George grimaced. "Fuck me, sorry, yeah, I do know that. I'm sorry. I remember Harry giving me the money, but not you two being so much a part of it that you were in the name." He threw the scroll down on the bed. "Bugger all this for a lark!!" He got up. "This is fucking infuriating, is what it is!"
"It's only been a few days," Percy pointed out. "You know it'll get better."
"But what the hell happened?" George asked.
"Listen, just trust us, all right? Remember the Healer said we weren't supposed to give you too much too soon." George nodded reluctantly. "So trust us. Please. And..." Percy picked up the catalogue, "come back to this, because I'm not doing your inventory after you come back if you use, 'Oh I don't remember what's in my own catalogue' as an excuse." George chuckled, temporarily mollified, and went back to work.
So, obviously George still remembered building and running Wheezes, thought Ron. But without Fred. And since when had George cared about grammar?
Once more Ron wondered what had happened during the Reawakening sessions with George and the Healers, but knew he really didn't want to know. And Mum and Dad certainly didn't want to talk about it. They'd been there through all the sessions, and always come out looking pale and on the edge of collapse. Mum even had to be tranquilized one day. Ron hadn't wanted to know why.
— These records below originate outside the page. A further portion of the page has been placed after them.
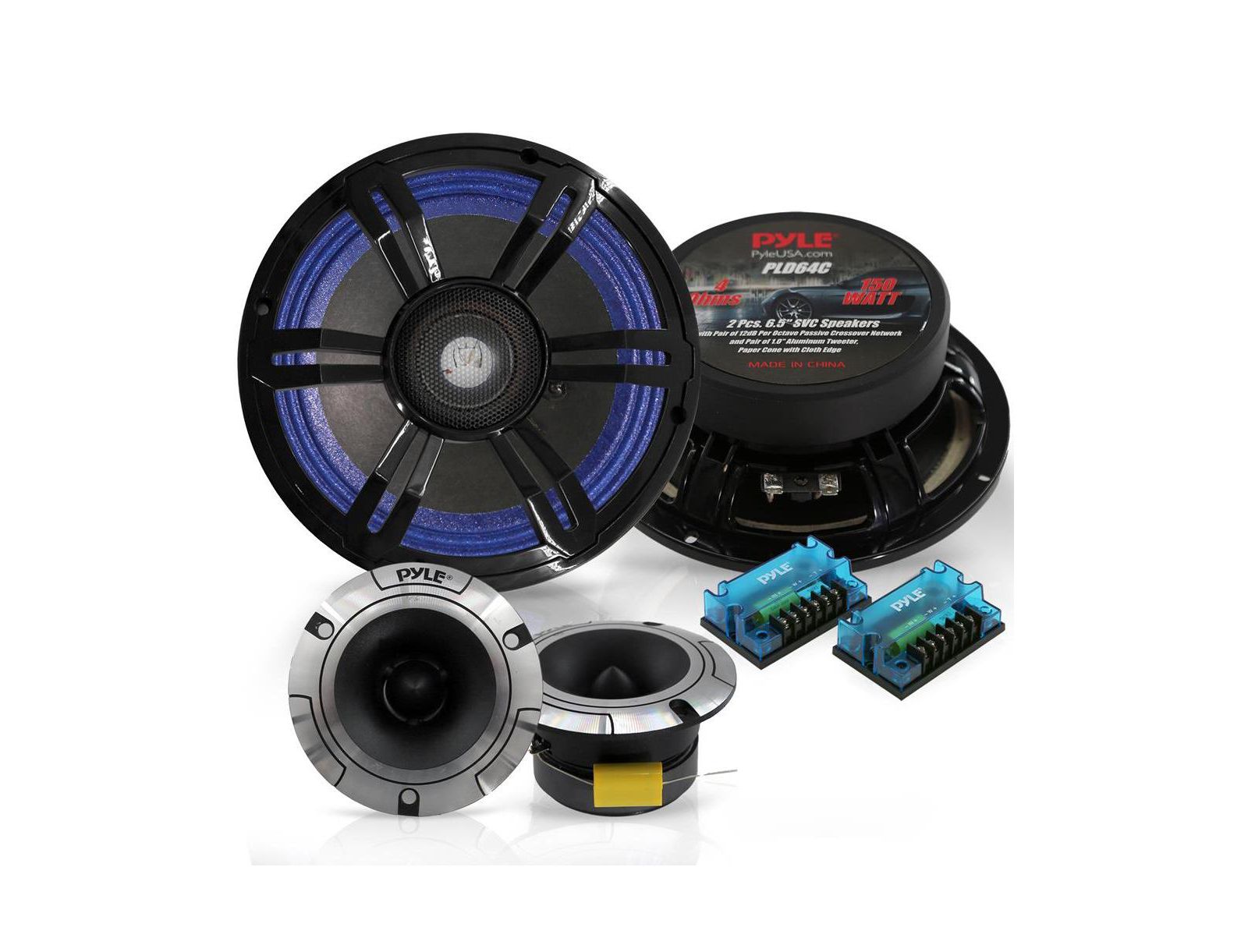 Pyle 6.5'' Three-Way Component 150W Speaker System, Fits OEM Locations
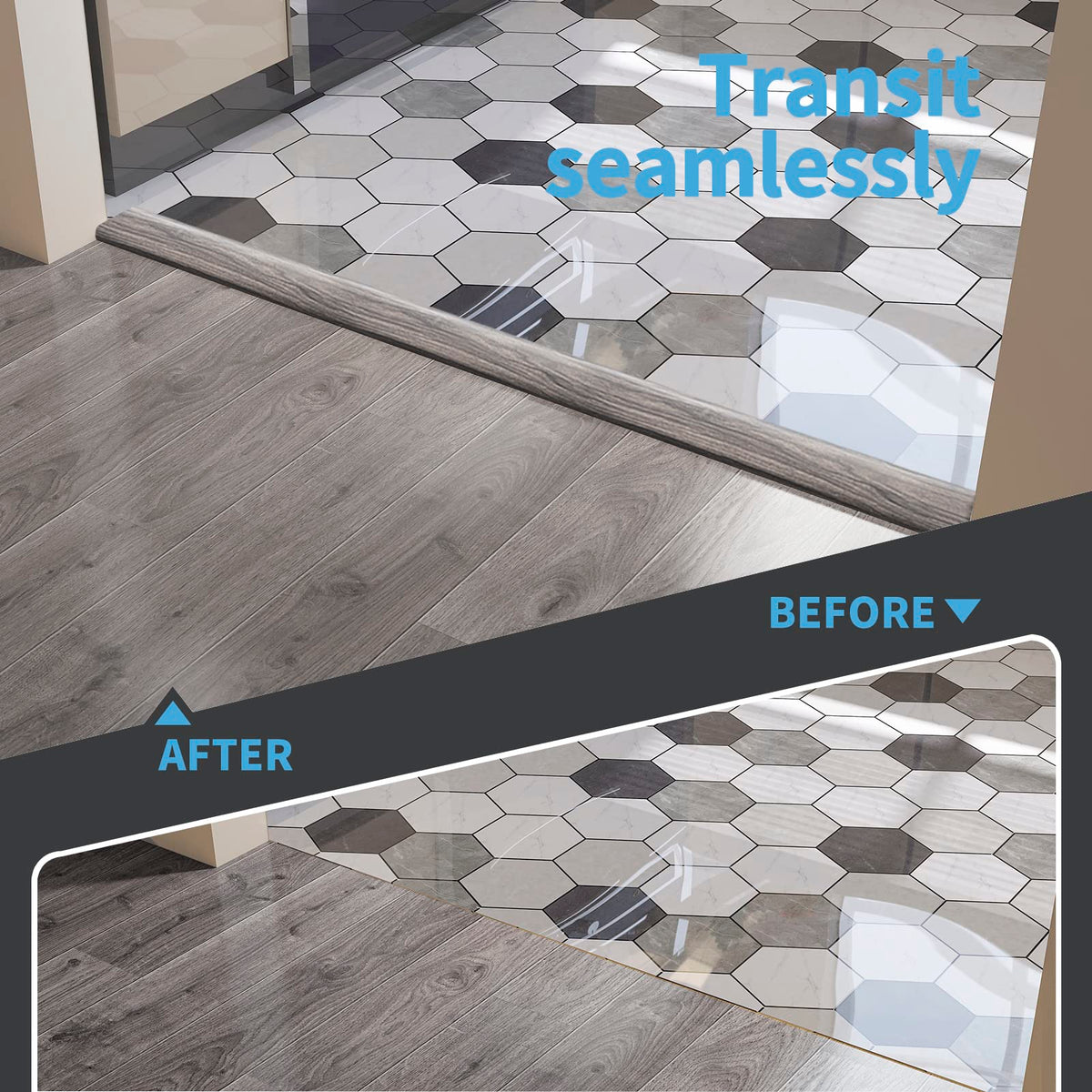 HASTHIP Floor Transition Strip for Joining Carpet and Tile Gaps 47.2 x 1.57 in Gray PVC | 2PCS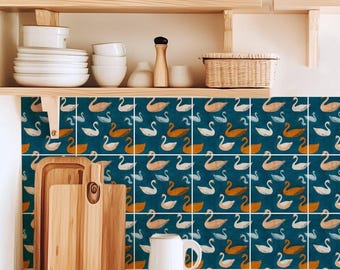 Azure Swan Drift Pattern,Pattern Stickers,Peel & Stick Vinyl,Kitchen Bathroom Backsplash,DIY Decor - PACK OF 12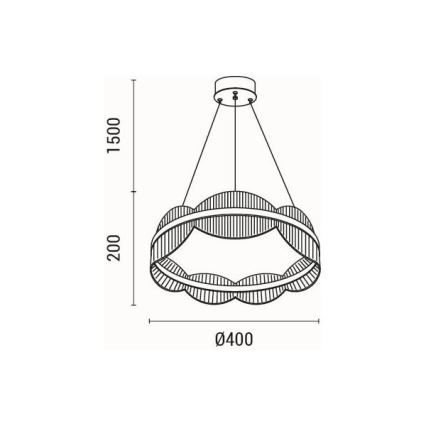 LED Żyrandol na lince LED/48W/230V 3000K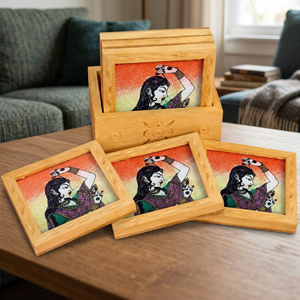 Handcrafted Classic White Wooden 6-Piece Tea <b>Coaster</b> <b>Set</b> with Eco-Friendly Design for Home & Office Decor - Product Image 3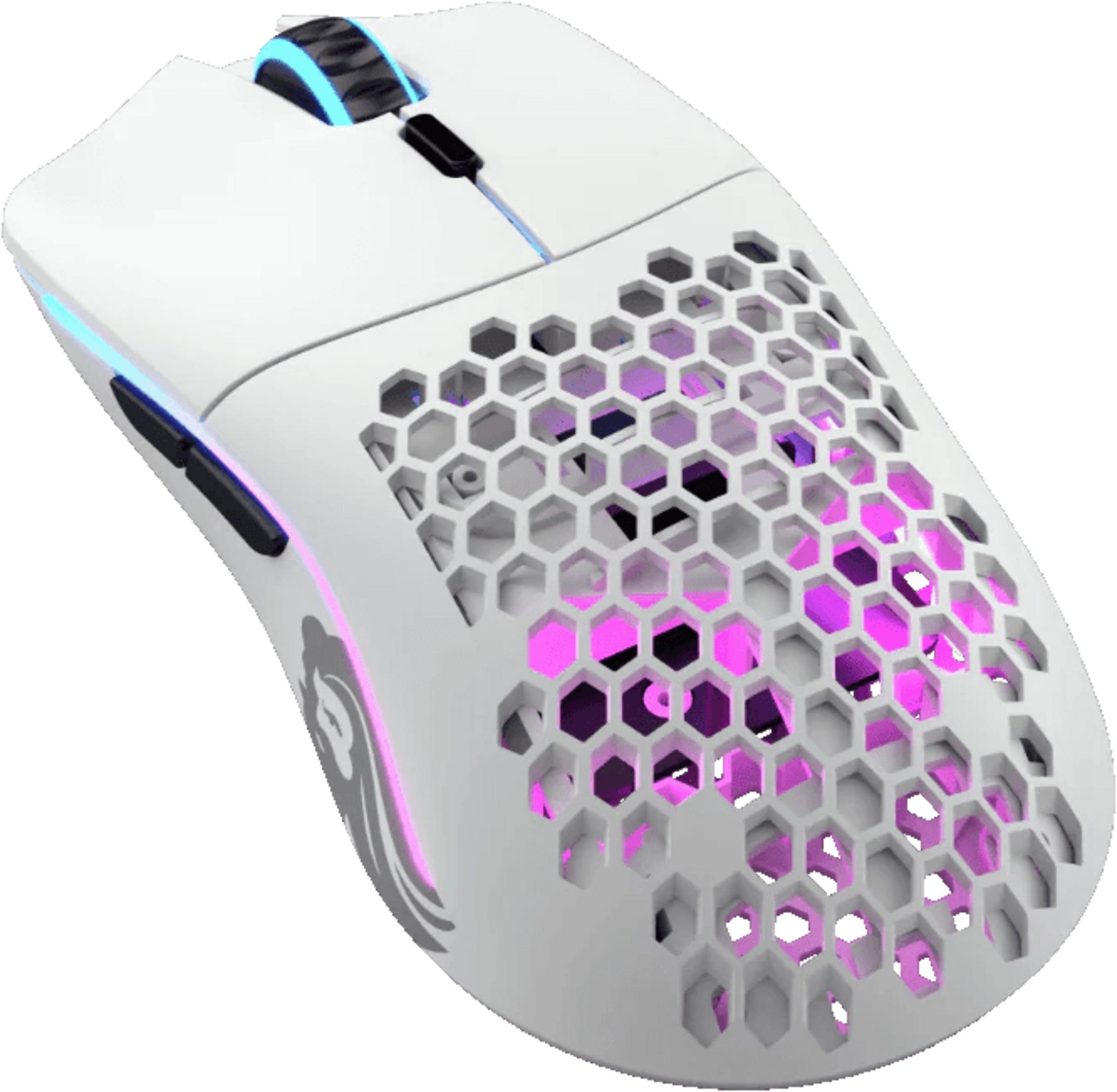 Un mouse da gaming bianco con motivo a nido d'ape e illuminazione rosa.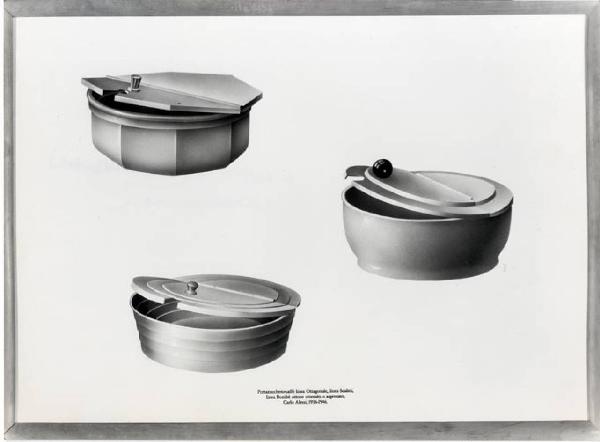 XVI Triennale - Primo ciclo - La sistemazione del design - Paesaggio casalingo - Riproduzione di disegno di oggetti della ditta Alessi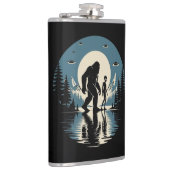 Bigfoot Alien UFO Cryptid Leather Flask フラスク (右)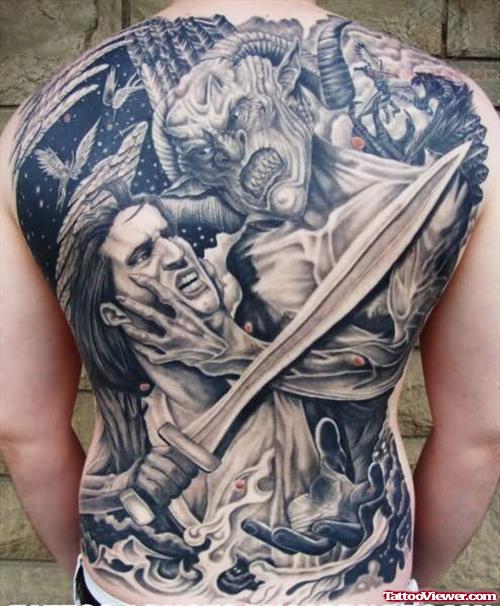 Satan And Soldier Fight Tattoo on Back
And yet George himself seemed unscarred. He was so much the way he used to be, and it was unbelievably disconcerting to see him that way. To see that he honestly didn't realize there was anything wrong, and was only puzzled as to why he was in the hospital and couldn't go home.
Ron observed George as Percy explained one of the apparently Fred-created products in the catalogue. George, but not George. His appearance was changed; his hair was lighter now, and his eyes somehow looked lighter as well, which made no sense. His voice was a bit rougher; apparently he'd screamed his throat raw during the ritual. The blue shirt and dark grey trousers were new; the first day he'd been awake, George had looked askance at the electric-green shirt and orangey-brown trousers he'd found in his hospital closet, and asked for something that didn't clash so badly.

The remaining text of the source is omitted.